START DATA EXTRACT

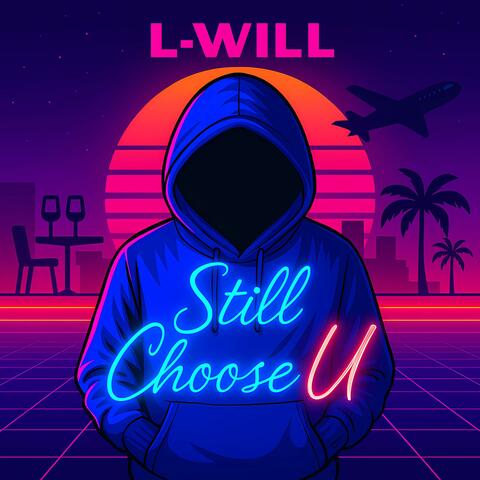 Still Choose U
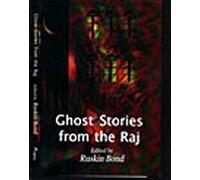 Ghost Stories from the Raj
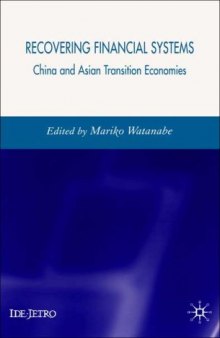 Recovering Financial Systems: China and Asian Transition Economies
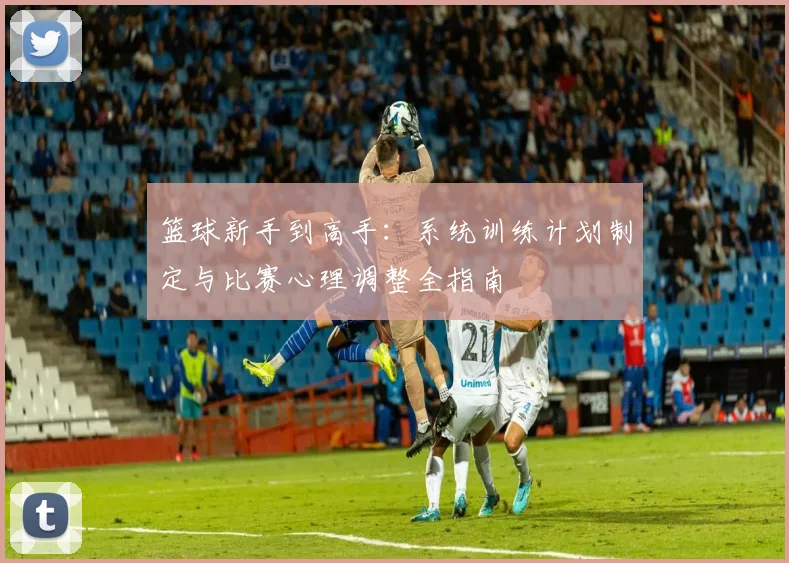 篮球新手到高手:系统训练计划制定与比赛心理调整全指南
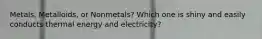 Metals, Metalloids, or Nonmetals? Which one is shiny and easily conducts thermal energy and electricity?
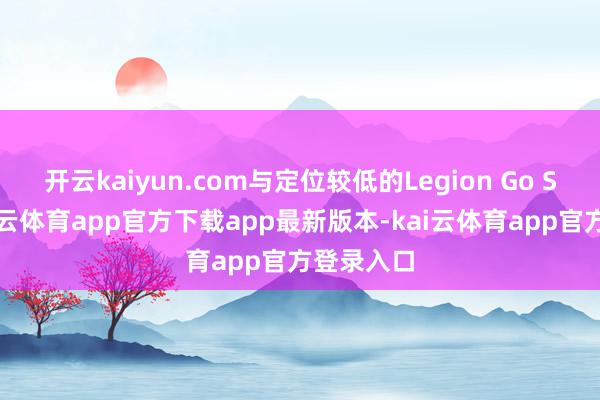 开云kaiyun.com与定位较低的Legion Go S不同-kai云体育app官方下载app最新版本-kai云体育app官方登录入口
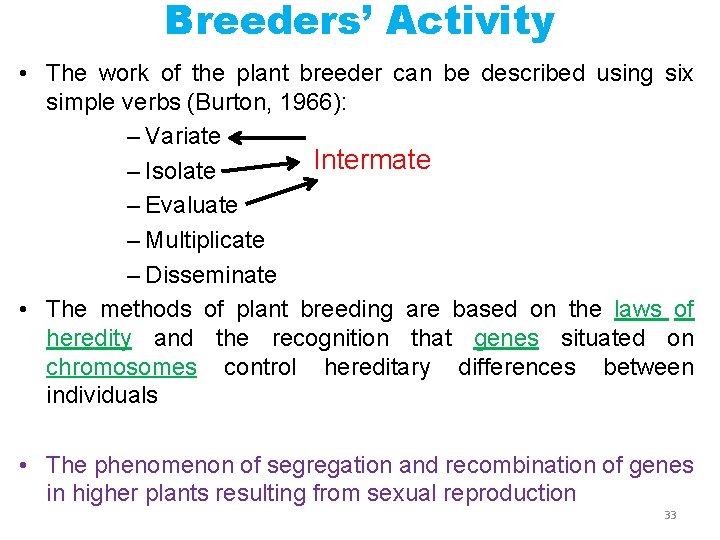 Breeders’ Activity • The work of the plant breeder can be described using six
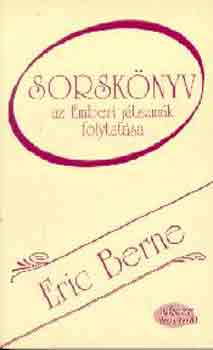 Eric Berne - Sorsknyv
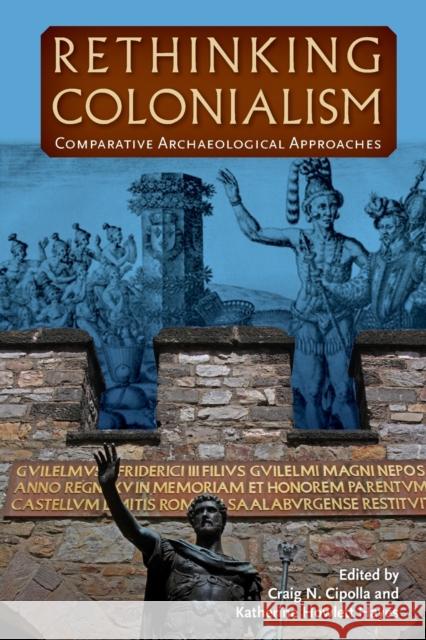 Rethinking Colonialism: Comparative Archaeological Approaches Craig N. Cipolla Katherine Howlett Hayes 9780813068022 University Press of Florida - książka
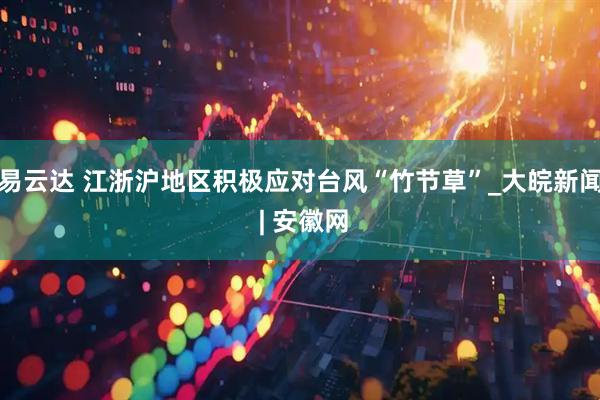 易云达 江浙沪地区积极应对台风“竹节草”_大皖新闻 | 安徽网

END DATA EXTRACT

* PROBLEM
From the listing above, repeat only the lines between the line containing "Ghost Stories from the Raj" and the line containing "Metals, Metalloids, or", those two included. Pictures are not part of the copy.

* RESULT OF THE EXERCISE
 Ghost Stories from the Raj
 Recovering Financial Systems: China and Asian Transition Economies
 篮球新手到高手:系统训练计划制定与比赛心理调整全指南
 Metals, Metalloids, or Nonmetals? Which one is shiny and easily conducts thermal energy and electricity?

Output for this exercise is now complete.